The Coroner recommended that the WA government should change the law and stop the practice of jailing people for unpaid fines. That report was handed down in December 2016.
And what has changed? Nothing. Not a thing. In fact the prison population is still growing, and Indigenous Australians are grossly overrepresented. A 2018 Human Rights Watch report found that “Aboriginal and Torres Strait Islander women in prison are the fastest growing prison population, and 21 times more likely to be incarcerated than non-indigenous peers.”
Western Australia is punishing people for being poor. It is punishing people who have been subject all their lives to institutionalised racism. It is embedding a state-sanctioned punitive culture where those who are financially suffering are further shamed, humiliated and punished, despite having no criminal convictions.

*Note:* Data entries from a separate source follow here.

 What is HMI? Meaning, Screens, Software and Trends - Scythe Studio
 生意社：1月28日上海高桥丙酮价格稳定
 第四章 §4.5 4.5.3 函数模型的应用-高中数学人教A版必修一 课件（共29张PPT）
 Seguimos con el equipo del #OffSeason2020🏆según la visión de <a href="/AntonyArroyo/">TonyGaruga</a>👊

Prisons are for criminals, not poor people. Prisons are places of punishment for those who pose a risk to society, not the victims of violence, like the Noongar woman who was arrested and jailed in September 2017 for unpaid fines after police were called to deal with a violent family member.
Attorney-General Quigley knows all this. In October 2018 he told media that jail for fine defaulters was an “economically unsound policy”. Jailing people costs money; approximately $303 a day per person. A person cannot “pay off” a fine through incarceration. It’s nonsensical and prehistoric. Quigley stated that jailing fine defaulters should be “truly a last resort”. This isn’t good enough, when “last resort” it almost certainly means a person has no other option but to give their life for a paltry thousand dollars or so.
And it isn’t good enough to promise to put forward legislation later, another day, another time. It must happen now.
The Western Australian government must act now.
But in the meantime, Australians who are appalled at the gross injustice of jailing people who have committed no crimes are stepping up. While Attorney-General Quigley hides behind bureaucracy, Debbie Kilroy, Executive Director of Sisters Inside, an organization which advocates for the human rights of women in the criminal justice system, has started a GoFundMe fundraiser with the aim to free 100 single Aboriginal mothers from Western Australian prisons.
It has raised over $87,000 in just two days.
This money has already been used to save a single Noongar woman, a mother of three children, from being imprisoned. The accumulated debt of $3100 came from traffic infringements and having an unregistered dog.
Attorney-General Quigley can put a stop to this draconian policy. He can put forward legislation immediately to end the discriminatory practice of jailing people for being poor. He can cease this barbaric action against the most vulnerable in the community. And he must do it now, before another family is torn apart and separated, by imprisonment, or death.